La ley antialcohólica, promovida por el gobierno  y que prohibía el almacenamiento, la venta, la producción, la distribución, la venta, la invitación  y el consumo de bebidas con más de 1% de alcohol, fue derogada luego de la violenta protesta nacional. La misma fue una toma de las calles  realizada por enardecidos contingentes que salieron  armados con cajas, botellas vacías y vasos volteados. El tenso momento, que amenazaba con desbordarse en una violencia ciega e inusitada,  fue revertido gracias a que el mismo presidente derogó el dispositivo.

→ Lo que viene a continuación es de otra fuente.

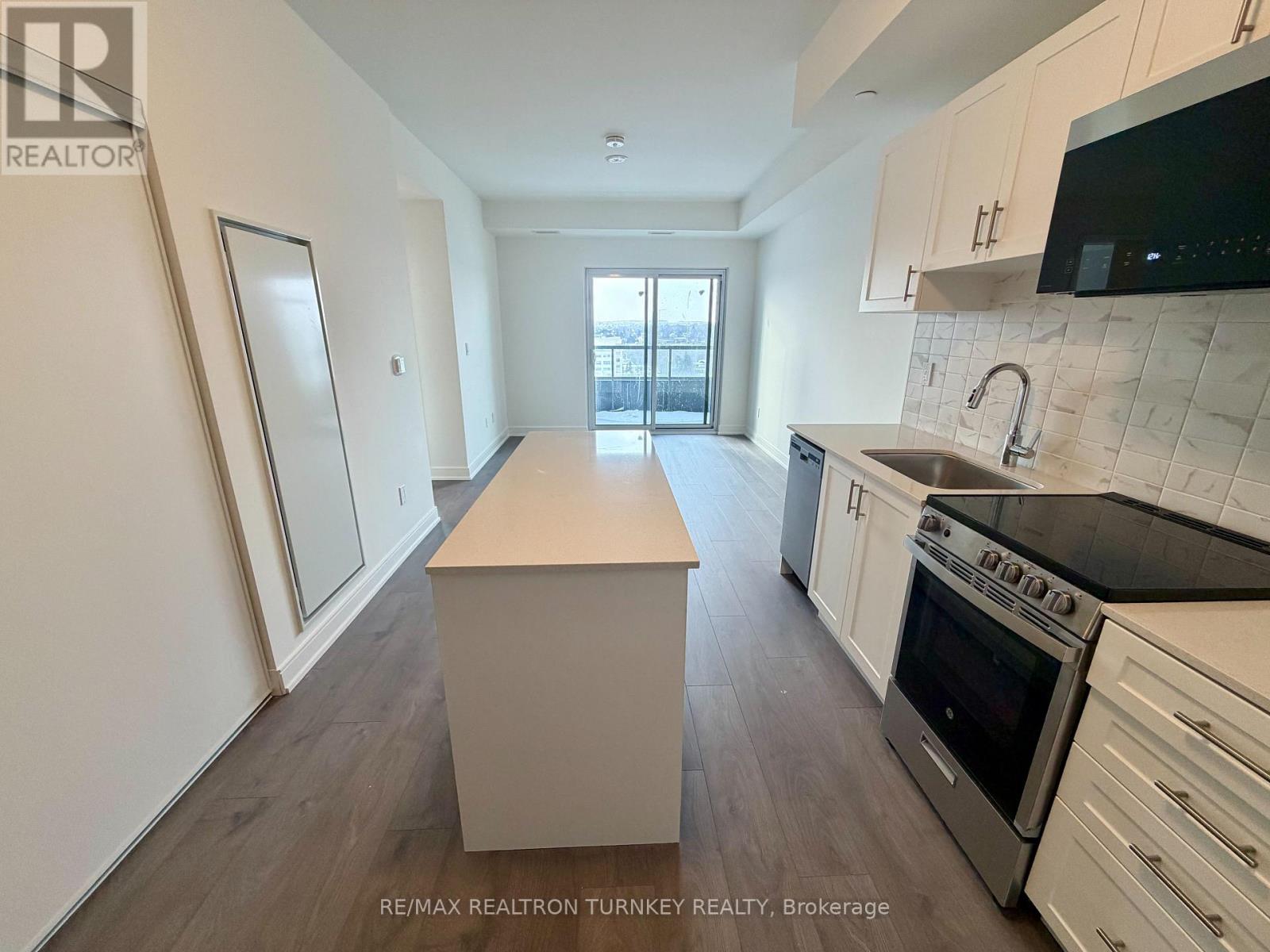 1311 - 705 Davis Drive, Newmarket, Ontario  L3Y 0J1 - Photo 4 - N12740368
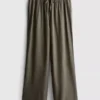 Pantalones de pierna ancha con efecto arrugado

La mencionada ley, promovida inicialmente por un colectivo de ociosos que no bebía ni refresco en los eventos sociales dignos de recordación, encontró eco en el  mandatario peruano que, como todo el mundo sabe,  corre todas las mañanas y no bebe licor ni en el día de su santo. Sucedió, pues, que el presidente promulgó de improviso dicha ley contra el consumo de las aguas. Es decir,  no se hizo la consulta previa a los que empinaban el codo, los que bebían para olvidar, los que olvidaban al beber, los que promovían chupas desde el jueves hasta el domingo, los que insistían en la del estribo y otros sujetos.

Para reemplazar al licor se hizo una agresiva campaña a favor del consumo de agua destilada  en citas, reuniones, cumpleaños, despedidas de soltero, matrimonios y cuanta reunión social hubiera en el país. Pero el cambio no cuajó y los más avispados continuaban bebiendo a escondidas y de contrabando mezclando los licores con el agua. Pero nada era igual como antes. El encanto del trago había pasado.  Es indudable que cualquier licor, consumido en cantidades normales y no exageradas, bebido como aperitivo, incentiva la existencia, desata el ánimo,  promueve el humor, permite las exageraciones benignas y quita momentáneamente las frustraciones. De tal manera que las fiestas se volvieron ceremonias desabridas, tristes.